I'm a blond bimbo girl in a fantasy world,
Dress me up - make it tight - I'm your dolly.
You are my doll - "rock and roll" -
feel the glamour in pink
Kiss me here, touch me there - hanky panky.

I love Tyler so much too, but I can't do anything about it. Not without major repercussions. Everyone expects cheerleaders to be slutty and I'm not. Oh, sure, I'm not innocent, but I'm still a virgin! He's a football player and one of the most popular guys in school, it's expected that we date. Why must I do what's expected of me? Who says I want a picket fence and the 2.5 kids? I don't know what I want.

You can touch - you can play -
if you say - I'm always yours
I'm a Barbie girl - in a Barbie world -
life in plastic - it's fantastic.
You can brush my hair - undress me everywhere.
Imagination - life is your creation.

Sometimes I think Catie has it so easy, but she's so wrong about me. I don't conform by conforming. That doesn't make much sense does it? She dresses weird and acts all spooky but underneath her black eyeliner she has a heart of gold. While I, in my sweat suit skirts and sweater-sets, am forced to pretend that it's okay for me to be instantly stereotyped not by my grades or even really my looks but because I am a cheerleader. Sure, she's misjudged all the time, but she doesn't hear what I do, what I can't tell her. Like how people think she's a wonderful (if a bit scary) writer and are certain she'll be the next Anne Rice.
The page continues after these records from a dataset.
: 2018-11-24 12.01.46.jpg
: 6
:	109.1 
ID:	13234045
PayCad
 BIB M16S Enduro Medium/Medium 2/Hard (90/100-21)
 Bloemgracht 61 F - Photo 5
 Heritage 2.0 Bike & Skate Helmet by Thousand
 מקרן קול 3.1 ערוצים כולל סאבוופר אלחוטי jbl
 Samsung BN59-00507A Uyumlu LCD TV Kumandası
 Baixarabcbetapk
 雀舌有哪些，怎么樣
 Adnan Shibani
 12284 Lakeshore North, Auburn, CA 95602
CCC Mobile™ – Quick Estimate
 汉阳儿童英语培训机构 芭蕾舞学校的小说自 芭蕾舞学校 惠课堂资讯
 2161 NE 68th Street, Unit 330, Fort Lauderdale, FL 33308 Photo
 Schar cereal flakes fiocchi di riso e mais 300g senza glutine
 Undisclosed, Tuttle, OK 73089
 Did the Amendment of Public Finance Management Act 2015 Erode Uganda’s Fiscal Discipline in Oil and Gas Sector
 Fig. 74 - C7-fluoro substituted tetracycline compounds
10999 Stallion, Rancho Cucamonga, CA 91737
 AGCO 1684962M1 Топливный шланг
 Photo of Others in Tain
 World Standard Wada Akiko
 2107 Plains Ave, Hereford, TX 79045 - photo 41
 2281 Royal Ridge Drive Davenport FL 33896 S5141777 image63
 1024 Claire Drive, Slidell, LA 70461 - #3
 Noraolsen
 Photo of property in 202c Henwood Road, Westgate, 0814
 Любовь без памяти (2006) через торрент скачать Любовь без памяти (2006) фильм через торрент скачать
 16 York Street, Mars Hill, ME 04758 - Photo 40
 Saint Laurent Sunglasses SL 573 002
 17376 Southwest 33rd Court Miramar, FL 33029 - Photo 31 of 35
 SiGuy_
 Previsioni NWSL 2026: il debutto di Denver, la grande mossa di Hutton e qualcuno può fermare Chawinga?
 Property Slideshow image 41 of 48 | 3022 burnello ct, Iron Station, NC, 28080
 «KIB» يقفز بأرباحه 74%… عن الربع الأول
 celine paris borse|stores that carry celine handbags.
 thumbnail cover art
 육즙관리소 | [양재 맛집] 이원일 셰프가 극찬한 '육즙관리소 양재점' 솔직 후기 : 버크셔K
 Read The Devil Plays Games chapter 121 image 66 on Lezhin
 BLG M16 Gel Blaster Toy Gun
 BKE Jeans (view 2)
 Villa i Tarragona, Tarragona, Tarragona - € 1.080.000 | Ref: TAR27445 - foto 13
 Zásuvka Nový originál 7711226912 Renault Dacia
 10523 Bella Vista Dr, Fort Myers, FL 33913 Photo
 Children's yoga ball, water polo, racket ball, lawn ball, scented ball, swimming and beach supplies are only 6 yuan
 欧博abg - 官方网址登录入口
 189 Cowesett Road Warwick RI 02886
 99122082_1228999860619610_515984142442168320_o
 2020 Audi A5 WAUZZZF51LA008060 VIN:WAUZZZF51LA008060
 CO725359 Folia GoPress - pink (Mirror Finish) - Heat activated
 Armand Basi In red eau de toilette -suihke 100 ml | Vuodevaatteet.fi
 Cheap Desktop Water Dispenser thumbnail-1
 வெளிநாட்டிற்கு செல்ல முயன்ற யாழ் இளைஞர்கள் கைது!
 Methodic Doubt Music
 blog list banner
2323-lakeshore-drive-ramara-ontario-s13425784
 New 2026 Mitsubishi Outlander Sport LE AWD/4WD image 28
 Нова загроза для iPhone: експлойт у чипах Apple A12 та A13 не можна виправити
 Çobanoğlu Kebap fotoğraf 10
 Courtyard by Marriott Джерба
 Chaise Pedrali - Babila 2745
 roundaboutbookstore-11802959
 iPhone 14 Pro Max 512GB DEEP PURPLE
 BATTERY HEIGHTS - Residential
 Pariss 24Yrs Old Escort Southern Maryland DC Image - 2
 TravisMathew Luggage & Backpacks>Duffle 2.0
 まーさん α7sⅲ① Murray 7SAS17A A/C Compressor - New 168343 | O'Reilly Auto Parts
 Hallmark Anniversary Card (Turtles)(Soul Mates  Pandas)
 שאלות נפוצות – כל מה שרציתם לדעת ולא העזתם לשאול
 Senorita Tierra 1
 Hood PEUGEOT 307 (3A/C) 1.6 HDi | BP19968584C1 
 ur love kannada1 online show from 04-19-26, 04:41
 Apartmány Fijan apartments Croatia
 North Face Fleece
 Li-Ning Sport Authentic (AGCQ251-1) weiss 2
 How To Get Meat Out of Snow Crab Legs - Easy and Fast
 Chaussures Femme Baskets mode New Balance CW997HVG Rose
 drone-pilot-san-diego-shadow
Come on Barbie - let's go party!
Make me walk - make me talk -
do whatever you please,
I can act like a star - I can beg on my knees.

Not even being an EMT allows me to escape my role as 'whorish cheerleader' completely. Sure, I can escape it for a few hours, dropping the reputation as soon as I don my EMS uniform, but it lurks behind me, ever present in the back of my mind. Although it is my most favorite place to be, the place I can truly be me and not 'Val the cheerleader' or 'Val the straight A student' or even 'Super Val'…just be Val Linear. Me.

Come jump in - bimbo friend -
let us do it again,
Hit the town - fool around - let's go party
You can touch - you can play -
if you say - I'm always yours
You can touch - you can play -
if you say - I'm always yours

I don't mean to be bitter, but its sometimes hard not to be. Bitter, sarcastic, rapier wit, they belong to Catie, not to me. Every so often I wish it was I that was the outsider, the Goth girl. But I've been molded to the role set before me and it would roughly take an act of god to change it.

Come on Barbie - let's go party!
Come on Barbie - let's go party!
Oh I'm having so much fun - well Barbie we're just getting started.
Oh I love you Ken.

For better or worse I am Val Linear, cheerleader and EMT. I like half of me and wish I could change the other half. It reminds me of the Wise Man's Prayer in my parents bedroom 'God grant me the change what I can, accept what I can't and the wisdom to know the difference..' I can't change much, at least not yet, but I can stay true to myself and what my parents taught me. I'm not a slut and that's final.